THE upcoming Brabham supercar has cleared its throat for the first time. And it now also has a name – the BT62.
The short sound bite – it only runs for 18 seconds – suggests the newly named BT62 will run rather lumpy cams, perhaps a hint that it will use a normally aspirated engine to produce all its performance rather than some form of forced induction. The audio gives no further clues, only to suggest the BT62 will sound the business even as it burbles past.
“As the next to bear the legendary BT name, the latent potential of the Brabham BT62's engine note hints at a car that's inspired by Brabham's historic racing pedigree and uncompromising and fearless determination to succeed,” the company said.
The supercar’s name follows on from the nomenclature used for the race cars that used the family name. The “B” stands for Jack Brabham, while the “T” is for the Formula One team’s long-serving designer, fellow Aussie Ron Tauranac. The number is the chassis code.
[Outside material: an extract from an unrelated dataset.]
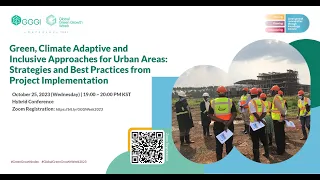 Green, Climate Adaptive and Inclusive Approaches for Urban Areas: Strategies and Best Practices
However, while there’s a BT60, there’s no BT61. In the late stages of the Brabham race team, a last-ditch merger with Galmer Engineering in 1992 failed to provide the momentum needed to keep the name alive, and after that year’s Hungarian Grand Prix, and the development of the BT60B, a rumoured BT61 never evolved.
Brabham Automotive is counting down to a May 2 launch for the BT62. The company is expected to slowly trickle out more details over the next few months as it prepares for the car’s launch.
What’s not clear is source of the money needed to revive the Brabham name. One clue, though, was in the rumours that ex-F1 supremo Bernie Ecclestone was linked to a Brabham-led pitch at struggling manufacturer Force India. Ecclestone and Brabham have some history; the Brit owned the team for 15 years.